__EXERCISE DIRECTIONS__.
Print, from the listing below, the lines starting at the line containing "Walmart Great Value" and ending at the line containing "Tiny dinosaurs gardening", exactly as they stand, and print nothing else.

__EXTRACTED DATA__.
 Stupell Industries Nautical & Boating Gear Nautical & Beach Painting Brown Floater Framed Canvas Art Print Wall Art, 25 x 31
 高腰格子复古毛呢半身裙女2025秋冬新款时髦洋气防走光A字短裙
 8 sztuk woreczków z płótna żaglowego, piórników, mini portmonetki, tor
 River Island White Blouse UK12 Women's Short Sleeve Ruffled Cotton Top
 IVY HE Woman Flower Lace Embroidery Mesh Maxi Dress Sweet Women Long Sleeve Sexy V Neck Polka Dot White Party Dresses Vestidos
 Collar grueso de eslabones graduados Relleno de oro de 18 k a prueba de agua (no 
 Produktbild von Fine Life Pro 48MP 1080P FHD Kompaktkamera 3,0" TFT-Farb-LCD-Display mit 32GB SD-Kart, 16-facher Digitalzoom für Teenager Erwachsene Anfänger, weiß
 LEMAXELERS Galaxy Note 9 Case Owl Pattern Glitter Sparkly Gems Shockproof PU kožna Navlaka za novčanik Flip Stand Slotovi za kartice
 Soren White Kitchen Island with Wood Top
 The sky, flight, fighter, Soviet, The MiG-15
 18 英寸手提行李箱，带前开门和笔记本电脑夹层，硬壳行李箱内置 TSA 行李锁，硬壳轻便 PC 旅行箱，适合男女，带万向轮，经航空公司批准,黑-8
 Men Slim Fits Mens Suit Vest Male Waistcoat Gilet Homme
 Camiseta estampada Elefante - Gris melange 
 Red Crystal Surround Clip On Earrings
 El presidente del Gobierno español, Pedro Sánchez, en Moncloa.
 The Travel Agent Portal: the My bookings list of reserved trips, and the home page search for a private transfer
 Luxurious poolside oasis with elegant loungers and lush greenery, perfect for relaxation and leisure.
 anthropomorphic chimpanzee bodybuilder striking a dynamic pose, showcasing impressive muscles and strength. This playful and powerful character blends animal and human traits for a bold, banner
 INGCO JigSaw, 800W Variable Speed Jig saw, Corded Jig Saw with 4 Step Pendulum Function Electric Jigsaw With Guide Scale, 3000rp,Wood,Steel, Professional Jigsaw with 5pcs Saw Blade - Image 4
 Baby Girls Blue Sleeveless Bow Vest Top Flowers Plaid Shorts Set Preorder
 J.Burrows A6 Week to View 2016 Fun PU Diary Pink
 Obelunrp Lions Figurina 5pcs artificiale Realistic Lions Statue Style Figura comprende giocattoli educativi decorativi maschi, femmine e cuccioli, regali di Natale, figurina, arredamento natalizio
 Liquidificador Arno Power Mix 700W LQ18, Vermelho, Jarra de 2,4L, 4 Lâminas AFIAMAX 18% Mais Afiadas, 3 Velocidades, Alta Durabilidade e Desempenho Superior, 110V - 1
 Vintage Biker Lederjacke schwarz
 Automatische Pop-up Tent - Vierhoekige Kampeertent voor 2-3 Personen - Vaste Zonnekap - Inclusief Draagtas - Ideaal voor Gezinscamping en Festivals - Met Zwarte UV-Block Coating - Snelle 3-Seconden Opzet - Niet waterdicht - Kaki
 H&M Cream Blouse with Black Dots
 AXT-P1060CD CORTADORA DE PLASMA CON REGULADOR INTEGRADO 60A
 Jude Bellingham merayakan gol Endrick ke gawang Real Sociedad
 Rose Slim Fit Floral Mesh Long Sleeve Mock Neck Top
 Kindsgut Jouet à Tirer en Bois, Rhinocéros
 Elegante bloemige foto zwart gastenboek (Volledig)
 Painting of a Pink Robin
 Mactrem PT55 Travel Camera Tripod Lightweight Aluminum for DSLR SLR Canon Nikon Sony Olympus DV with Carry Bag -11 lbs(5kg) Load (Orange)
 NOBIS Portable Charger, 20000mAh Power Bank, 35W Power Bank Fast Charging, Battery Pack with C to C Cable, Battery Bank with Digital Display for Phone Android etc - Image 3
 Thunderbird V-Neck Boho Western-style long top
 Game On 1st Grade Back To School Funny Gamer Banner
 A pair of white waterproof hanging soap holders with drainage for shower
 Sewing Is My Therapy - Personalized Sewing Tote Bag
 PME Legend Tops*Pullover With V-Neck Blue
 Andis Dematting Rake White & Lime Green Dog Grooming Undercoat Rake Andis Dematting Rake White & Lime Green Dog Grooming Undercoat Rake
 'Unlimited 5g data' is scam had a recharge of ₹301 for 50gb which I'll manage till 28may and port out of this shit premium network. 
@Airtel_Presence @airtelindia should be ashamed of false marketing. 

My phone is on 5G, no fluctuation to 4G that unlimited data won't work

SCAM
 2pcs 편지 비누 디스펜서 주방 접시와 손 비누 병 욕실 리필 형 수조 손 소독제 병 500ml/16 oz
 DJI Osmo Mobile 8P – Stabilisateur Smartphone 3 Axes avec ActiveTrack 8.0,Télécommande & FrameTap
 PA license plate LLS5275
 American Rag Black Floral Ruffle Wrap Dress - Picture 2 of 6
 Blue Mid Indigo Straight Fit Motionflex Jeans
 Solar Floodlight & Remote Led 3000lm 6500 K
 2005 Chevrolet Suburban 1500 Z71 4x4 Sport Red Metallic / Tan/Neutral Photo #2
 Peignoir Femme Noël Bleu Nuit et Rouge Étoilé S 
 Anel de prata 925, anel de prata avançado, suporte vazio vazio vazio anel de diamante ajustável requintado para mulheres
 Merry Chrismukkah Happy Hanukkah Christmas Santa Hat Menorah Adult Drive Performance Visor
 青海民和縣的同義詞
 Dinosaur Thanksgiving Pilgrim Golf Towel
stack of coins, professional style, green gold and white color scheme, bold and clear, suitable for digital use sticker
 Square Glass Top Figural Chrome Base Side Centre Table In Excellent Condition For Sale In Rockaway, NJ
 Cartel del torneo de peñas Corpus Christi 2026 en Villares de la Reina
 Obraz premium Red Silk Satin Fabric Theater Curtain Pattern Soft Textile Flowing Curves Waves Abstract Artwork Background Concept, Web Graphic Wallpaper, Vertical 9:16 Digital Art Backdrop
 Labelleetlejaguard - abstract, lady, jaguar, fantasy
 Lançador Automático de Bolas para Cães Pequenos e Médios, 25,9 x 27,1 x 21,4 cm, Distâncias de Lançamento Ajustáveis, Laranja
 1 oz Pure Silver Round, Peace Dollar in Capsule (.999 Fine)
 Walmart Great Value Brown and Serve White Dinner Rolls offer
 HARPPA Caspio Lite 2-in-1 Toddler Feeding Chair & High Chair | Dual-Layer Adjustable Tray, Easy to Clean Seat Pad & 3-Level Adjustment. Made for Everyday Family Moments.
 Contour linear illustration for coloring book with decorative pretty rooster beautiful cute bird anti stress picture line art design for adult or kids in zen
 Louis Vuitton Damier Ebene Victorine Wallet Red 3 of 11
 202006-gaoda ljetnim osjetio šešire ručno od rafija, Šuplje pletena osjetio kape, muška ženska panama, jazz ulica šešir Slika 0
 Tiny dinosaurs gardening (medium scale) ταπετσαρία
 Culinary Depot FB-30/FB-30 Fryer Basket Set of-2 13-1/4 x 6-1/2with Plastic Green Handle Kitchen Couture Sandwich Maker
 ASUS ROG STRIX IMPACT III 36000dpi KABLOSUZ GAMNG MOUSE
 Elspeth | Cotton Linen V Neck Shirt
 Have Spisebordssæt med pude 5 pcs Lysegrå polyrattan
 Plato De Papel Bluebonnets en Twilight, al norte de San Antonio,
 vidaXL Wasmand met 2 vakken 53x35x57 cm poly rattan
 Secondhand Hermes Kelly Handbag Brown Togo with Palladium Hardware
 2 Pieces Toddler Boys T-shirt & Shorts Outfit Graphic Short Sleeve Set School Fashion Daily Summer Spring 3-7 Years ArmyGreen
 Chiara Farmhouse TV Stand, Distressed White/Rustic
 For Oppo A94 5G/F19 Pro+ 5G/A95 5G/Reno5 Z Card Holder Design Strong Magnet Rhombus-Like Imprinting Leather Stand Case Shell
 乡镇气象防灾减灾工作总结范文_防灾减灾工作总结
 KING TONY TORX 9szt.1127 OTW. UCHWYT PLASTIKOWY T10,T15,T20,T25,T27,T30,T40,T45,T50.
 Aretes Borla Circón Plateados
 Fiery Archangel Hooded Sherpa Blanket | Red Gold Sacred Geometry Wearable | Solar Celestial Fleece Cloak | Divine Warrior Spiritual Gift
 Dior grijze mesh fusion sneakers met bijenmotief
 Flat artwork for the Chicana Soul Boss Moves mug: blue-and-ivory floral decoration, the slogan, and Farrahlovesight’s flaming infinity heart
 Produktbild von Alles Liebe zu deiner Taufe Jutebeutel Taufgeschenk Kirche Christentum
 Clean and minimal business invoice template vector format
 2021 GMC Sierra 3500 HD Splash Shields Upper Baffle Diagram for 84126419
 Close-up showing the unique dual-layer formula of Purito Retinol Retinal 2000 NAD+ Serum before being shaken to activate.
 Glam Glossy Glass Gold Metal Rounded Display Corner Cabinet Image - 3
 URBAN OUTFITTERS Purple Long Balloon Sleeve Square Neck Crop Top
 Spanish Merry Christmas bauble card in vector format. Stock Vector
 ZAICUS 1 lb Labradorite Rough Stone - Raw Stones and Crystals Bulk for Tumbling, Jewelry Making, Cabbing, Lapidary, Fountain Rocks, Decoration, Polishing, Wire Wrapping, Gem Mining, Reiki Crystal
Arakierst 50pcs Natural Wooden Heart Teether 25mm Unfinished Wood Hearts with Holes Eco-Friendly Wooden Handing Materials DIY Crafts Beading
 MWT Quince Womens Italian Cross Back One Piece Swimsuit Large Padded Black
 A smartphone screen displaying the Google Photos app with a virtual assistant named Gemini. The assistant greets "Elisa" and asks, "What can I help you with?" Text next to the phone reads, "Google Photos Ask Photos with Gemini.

__TASK RESPONSE__.
 Walmart Great Value Brown and Serve White Dinner Rolls offer
 HARPPA Caspio Lite 2-in-1 Toddler Feeding Chair & High Chair | Dual-Layer Adjustable Tray, Easy to Clean Seat Pad & 3-Level Adjustment. Made for Everyday Family Moments.
 Contour linear illustration for coloring book with decorative pretty rooster beautiful cute bird anti stress picture line art design for adult or kids in zen
 Louis Vuitton Damier Ebene Victorine Wallet Red 3 of 11
 202006-gaoda ljetnim osjetio šešire ručno od rafija, Šuplje pletena osjetio kape, muška ženska panama, jazz ulica šešir Slika 0
 Tiny dinosaurs gardening (medium scale) ταπετσαρία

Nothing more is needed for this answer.